**WORK TO COMPLETE:** Since only part of the material below is wanted, output exactly the lines from the one with "Grundstück in Proenca" up to and including the one with "сэр, а вы в".

**GIVEN ENTRIES:**
+ + + + +
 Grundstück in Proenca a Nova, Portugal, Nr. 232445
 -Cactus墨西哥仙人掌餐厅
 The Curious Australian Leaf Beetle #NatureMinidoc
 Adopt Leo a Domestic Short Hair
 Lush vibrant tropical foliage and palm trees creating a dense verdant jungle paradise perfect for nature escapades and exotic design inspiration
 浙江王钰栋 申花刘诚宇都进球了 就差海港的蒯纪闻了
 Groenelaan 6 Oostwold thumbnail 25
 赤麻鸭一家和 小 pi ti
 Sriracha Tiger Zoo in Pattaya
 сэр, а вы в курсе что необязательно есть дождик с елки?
+ + + + +
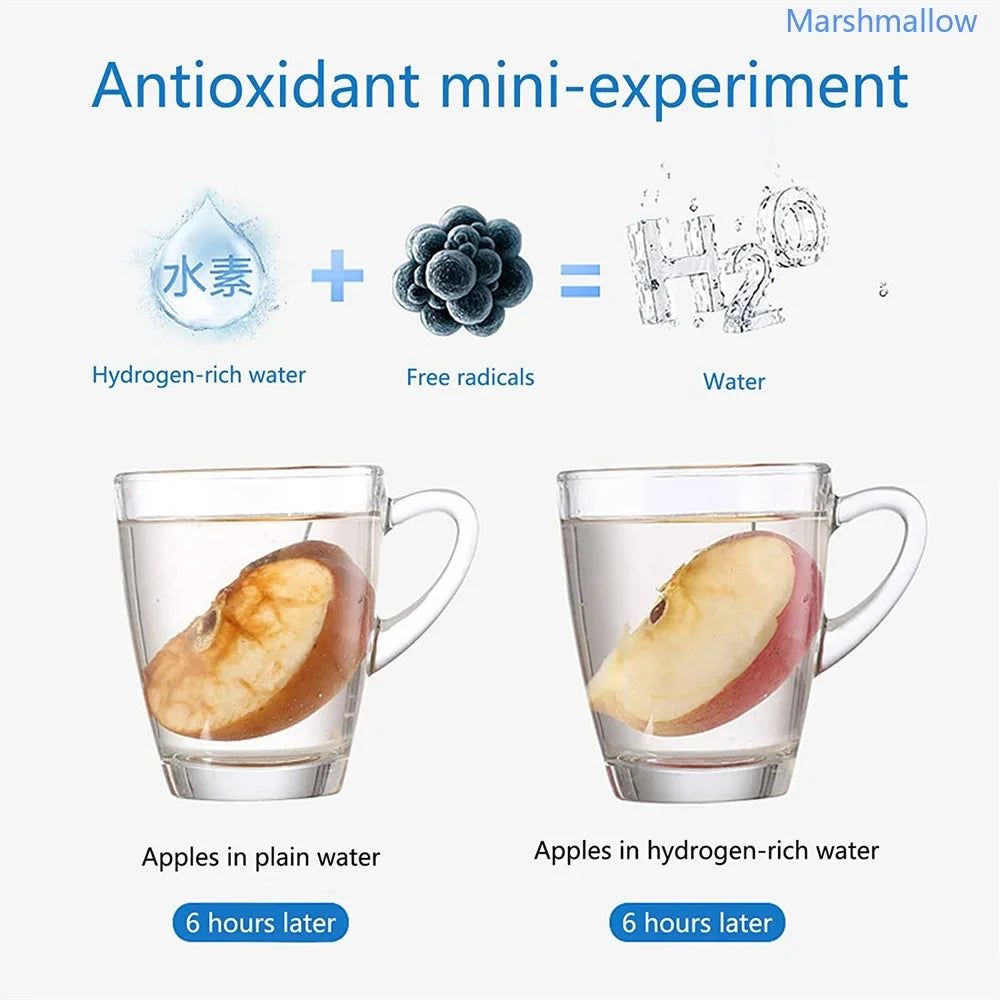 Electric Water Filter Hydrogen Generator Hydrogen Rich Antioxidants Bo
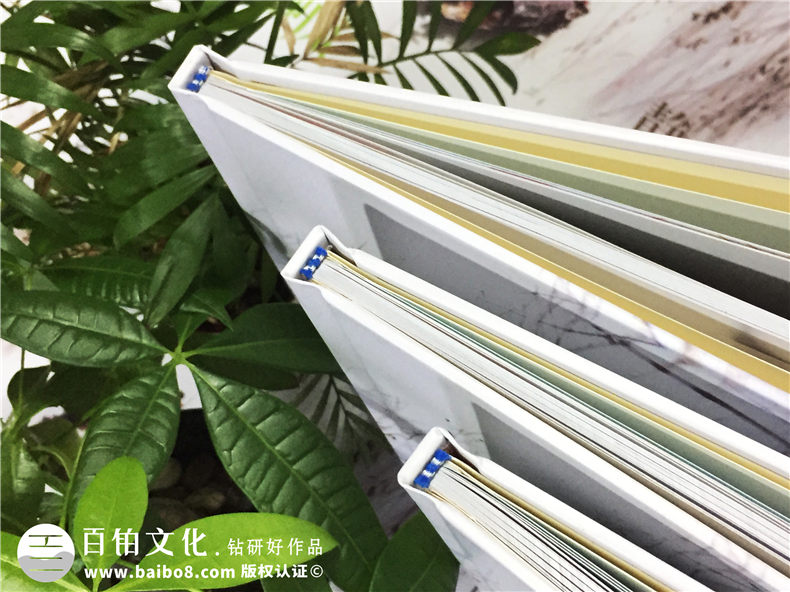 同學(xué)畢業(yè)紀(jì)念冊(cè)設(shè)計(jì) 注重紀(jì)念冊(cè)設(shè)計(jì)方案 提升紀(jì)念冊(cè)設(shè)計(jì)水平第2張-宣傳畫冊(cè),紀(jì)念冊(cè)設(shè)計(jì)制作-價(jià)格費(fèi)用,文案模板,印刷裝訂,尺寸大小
+ + + + +
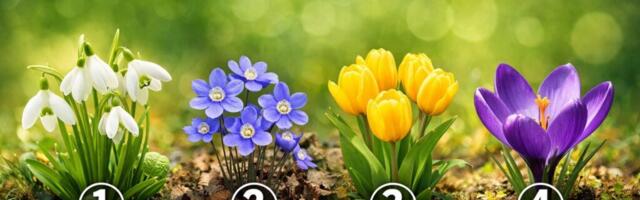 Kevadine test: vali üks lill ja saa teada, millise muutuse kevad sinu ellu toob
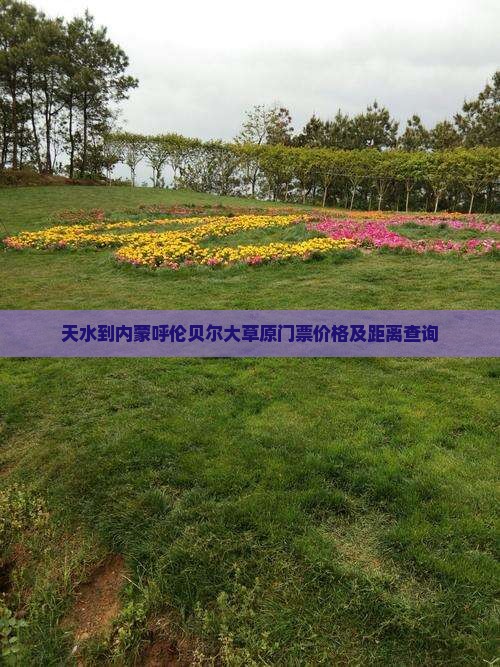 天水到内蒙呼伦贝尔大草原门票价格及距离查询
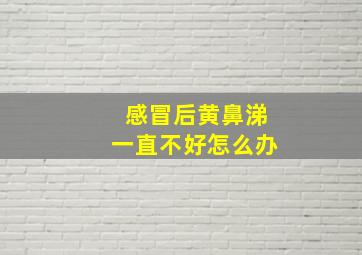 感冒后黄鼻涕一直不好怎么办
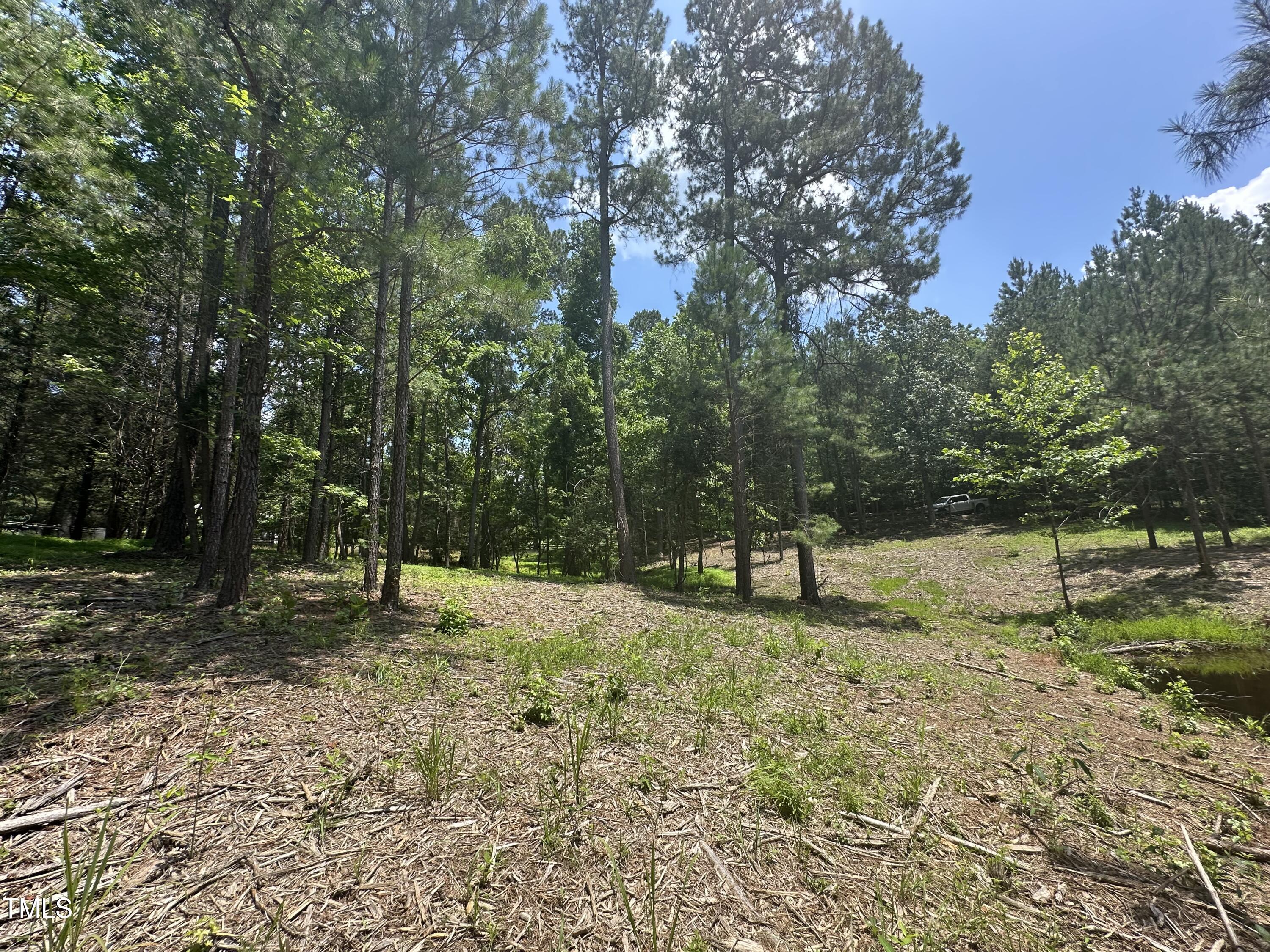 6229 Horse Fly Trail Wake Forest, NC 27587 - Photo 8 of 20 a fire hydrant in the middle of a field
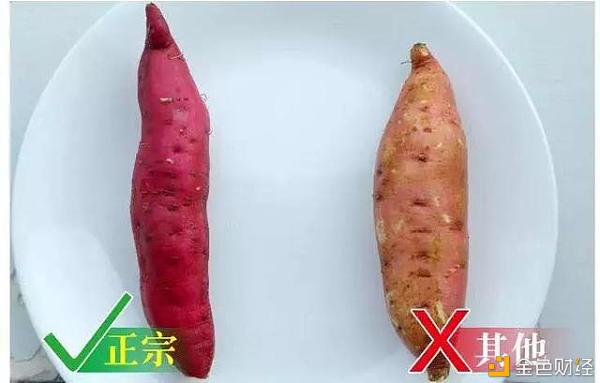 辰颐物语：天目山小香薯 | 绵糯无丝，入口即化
+ + + + +
**EXERCISE RESULT:**
 Grundstück in Proenca a Nova, Portugal, Nr. 232445
 -Cactus墨西哥仙人掌餐厅
 The Curious Australian Leaf Beetle #NatureMinidoc
 Adopt Leo a Domestic Short Hair
 Lush vibrant tropical foliage and palm trees creating a dense verdant jungle paradise perfect for nature escapades and exotic design inspiration
 浙江王钰栋 申花刘诚宇都进球了 就差海港的蒯纪闻了
 Groenelaan 6 Oostwold thumbnail 25
 赤麻鸭一家和 小 pi ti
 Sriracha Tiger Zoo in Pattaya
 сэр, а вы в курсе что необязательно есть дождик с елки?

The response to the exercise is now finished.